Scientists Just Drafted an Incredibly Detailed Map of the Human Brain
Cassandra Willyard | MIT Technology Review
“Some brain atlases already exist, but this new suite of papers provides unprecedented resolution of the whole brain for humans and non-human primates. The human brain atlas includes the location and function of more than 3,000 cell types in adult and developing individuals. ‘This is far and away the most complete description of the human brain at this kind of level, and the first description in many brain regions,’ Lein says. But it’s still a first draft.”
First-Ever Gene Therapy Trial to Cure Form of Deafness Begins
Sarah Neville | Financial Times (by way of Ars Technica)
“Up to 18 children from the UK, Spain, and the US are being recruited to the study, which aims to transform treatment of auditory neuropathy, a condition caused by the disruption of nerve impulses traveling from the inner ear to the brain. …Gene therapies now [hold] remarkable promise to restore hearing, [Professor Manohar Bance, an ear surgeon at Cambridge University Hospitals NHS Foundation Trust] suggested. ‘It’s the dawn of a new era,’ he added.”
Big Tech Struggles to Turn AI Hype Into Profits
Tom Dotan and Deepa Seetharaman | The Wall Street Journal
“AI often doesn’t have the economies of scale of standard software because it can require intense new calculations for each query. The more customers use the products, the more expensive it is to cover the infrastructure bills. These running costs expose companies charging flat fees for AI to potential losses.”
2D Transistors, 3D Chips, and More Mad Stuff
Samuel K. Moore | IEEE Spectrum
“Because chip companies can’t keep on increasing transistor density by scaling down chip features in two dimensions, they have moved into the third dimension by stacking chips on top of each other. Now they’re working to build transistors on top of each other within those chips. Next, it appears likely, they will squeeze still more into the third dimension by designing 3D circuits with 2D semiconductors, such as molybdenum disulfide.”
Woman’s Experimental Bionic Hand Passes Major Test With Flying Colors
Ed Cara | Gizmodo
“Much like a real flesh-and-blood hand, it’s controlled by Karin’s nervous system and provides sensory feedback. Her new hand can purportedly perform around 80% of the typical daily tasks that a regular limb would be able to do. And it’s substantially reduced her phantom limb pain and the need for medication.”
The Chatbots Are Now Talking to Each Other
Will Knight | Wired
“The company [Fantasy] gives each agent dozens of characteristics drawn from ethnographic research on real people, feeding them into commercial large language models like OpenAI’s GPT and Anthropic’s Claude. Its agents can also be set up to have knowledge of existing product lines or businesses, so they can converse about a client’s offerings. Fantasy then creates focus groups of both synthetic humans and real people.”
How Disney Packed Big Emotion Into a Little Robot
Evan Ackerman | IEEE Spectrum
“The adorable robot packs an enormous amount of expression into its child-size body, from its highly expressive head and two wiggly antennae to its stubby little legs.

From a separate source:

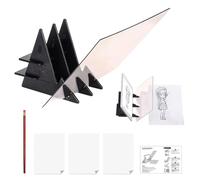 YSJCHEBS 1 Set Tavolo da Disegno Riflettente Ottico Portatile, Tavolo da Disegno Ottico, Proiettore da Disegno, Proiettore da Disegno per Bambini, Tavolo da Disegno per Copia di Proiezione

But what sets this robot apart from other small bipeds is how it walks—it’s full of personality, emoting as it moves in a way that makes it seem uniquely alive.”
Scientists Reveal Plan to Use Lasers to Build Roads on the Moon
Andrew Griffin | The Independent
“In the new study, scientists examined whether lunar soil could be turned into something more substantial by using lasers. And they had some success, finding that lunar dust can be melted down into a solid substance. …The best [approach] used a 45 millimeter diameter laser beam to make hollow triangular shapes that were about 250 millimeters in size. Those pieces could be locked together to create solid surfaces that could be placed across the Moon’s surface, they suggest, and then used as roads and landing pads.”
Uh-oh! Fine-Tuning LLMs Compromises Their Safety, Study Finds
Ben Dickson | VentureBeat
“As the rapid evolution of large language models (LLM) continues, businesses are increasingly interested in ‘fine-tuning’ these models for bespoke applications… However, a recent study by Princeton University, Virginia Tech, and IBM Research reveals a concerning downside to this practice. The researchers discovered that fine-tuning LLMs can inadvertently weaken the safety measures designed to prevent the models from generating harmful content, potentially undermining the very goals of fine-tuning the models in the first place.”